- Born: 11 February 1937 Catford, England
- Died: 28 March 2007 (aged 70) Grantchester, England

= Jean Rudduck =

British educationist (1937–2007)

Jean Rudduck (11 February 1937 – 28 March 2007) was a British educationist known for her enthusiasm for involving student's opinions in education. She researched at East Anglia, Sheffield and Cambridge universities. In 2002 she became Cambridge University's first woman professor of education.

== Life ==
Rudduck was born in Catford in 1937. Her father, Frank George Rudduck, was a chemist and her mother, Dorothy Maud, became a legal secretary. In June 1944 her father, who was then an RAF flying officer, died on a mission over the Netherlands. She was educated in Camberwell at Mary Datchelor girls' school. In 1958 she was one of London University's top graduates when she gained her first class degree in English Literature at, and graduated from Westfield college in 1958. She started her work as an English and drama teacher at Godolphin and Latymer Girls' school in Hammersmith after qualifying as a teacher at King's College.

In 1970 she was one of the four founder members of the Centre for Applied Research in Education (CARE) at the University of East Anglia. Another of the centre's founder members was Lawrence Stenhouse and they became partners. Stenhouse died in 1982 and she moved to Sheffield University.

She met and married John Gray in Sheffield and in 1994 they moved to Cambridge.

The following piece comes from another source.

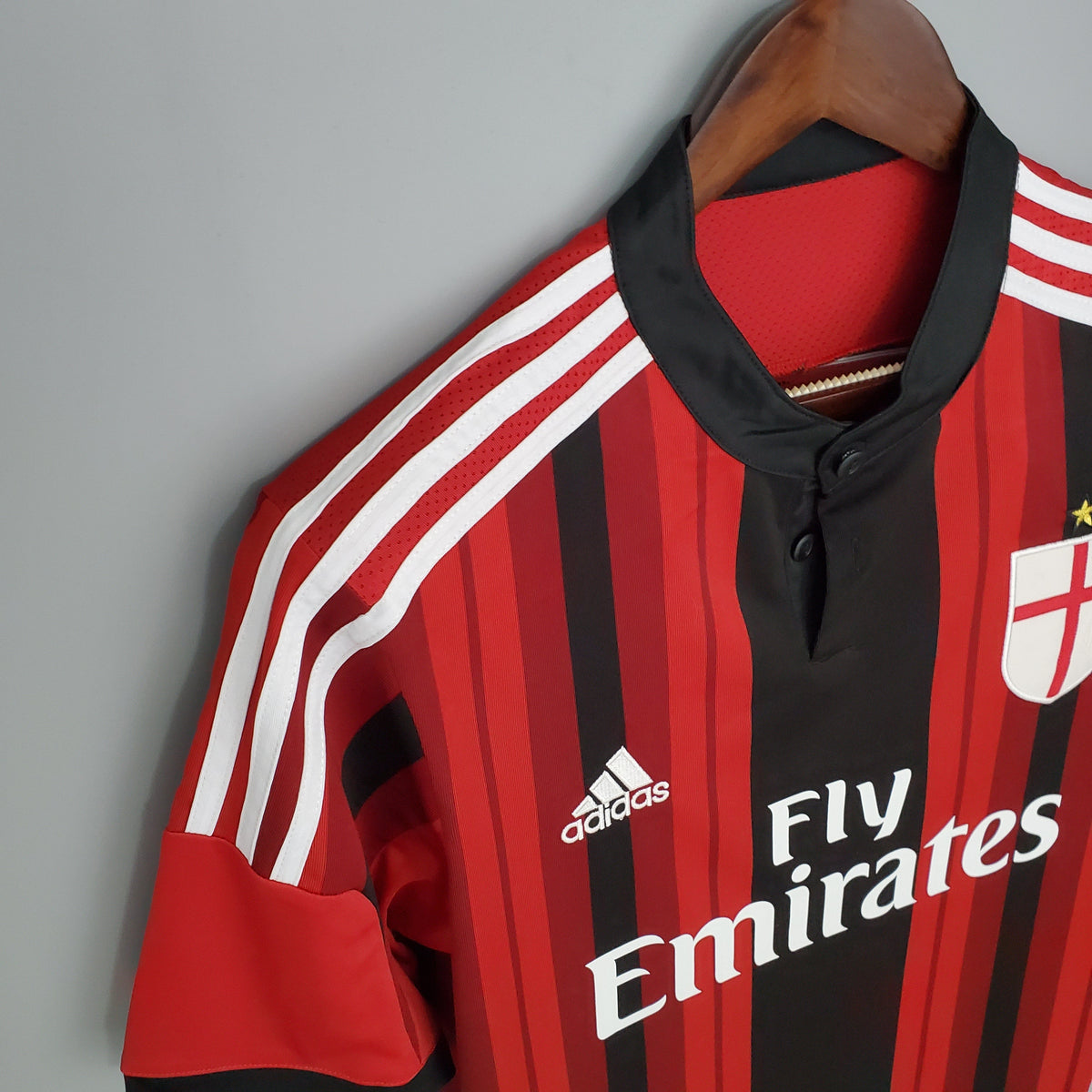 Camisa Titular Milan 14/15 - Versão Retrô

She was to direct research at Homerton College and she was asked to lead the British Educational Research Association.

In 2002 she became Cambridge University's first woman professor of education.

In 2004 she and Julia Flutter published "Consulting Pupils: What's in it for Schools? ".

Rudduck died in Grantchester in 2007 a month after sending off the final version of "Improving Learning through Consulting Pupils" which she had written with Donald McIntyre.